Artikel uit de Guardian
“In an attempt, during his conference speech, to emphasise the importance of long-term planning David Cameron relayed a nice anecdote about a “great hall in Oxford”. In the 19th century, Cameron said, the hall’s oak beams needed replacing, and they found “500 years before someone had thought … those beams will need replacing one day” and planted some oak trees. “Just think about that,” he urged his audience.
The great hall in Oxford Cameron was referring to appears to be that at New College and the story one that gained prominence when narrated by Stewart Brand on his TV series How Buildings Learn. It was subsequently deployed by others as a pleasant illustration of the value of foresight. The only problem is that the New College story appears to be false, or as the college’s archivist Jennifer Thorp put it back in 2008, in an essay about the tale, a “myth”.

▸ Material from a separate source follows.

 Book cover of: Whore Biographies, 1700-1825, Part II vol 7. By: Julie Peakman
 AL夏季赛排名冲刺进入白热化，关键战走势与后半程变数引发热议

She told the Guardian on Wednesday: “The New Buckinghamshire estates from which these trees were supposed to have come had not actually been acquired by us 500 years before the trees were needed. To have earmarked trees specifically for a chamber does not make any sense.”
According to her 2008 paper, the land was acquired by the college in 1441, 70 years later than the first building of the hall, while the restoration was carried out in 1863-65. “I was hoping we had done with this particular chestnut,” she told the Guardian.
If the prime minister was indeed referring to New College, his timing might also be said to leave something to be desired. The famous dining hall, said to be the oldest in both Oxford and Cambridge, is currently closed for refurbishment and is expected to remain so until September next year. In explaining the closure, which has nothing to do with the oak beams, the warden suggested that perhaps the college was not so hot on foresight as Cameron had indicated. Sir Curtis Price suggested that the catering facilities were “barely compliant” with regulations and that the refurbishments were “long-overdue”.”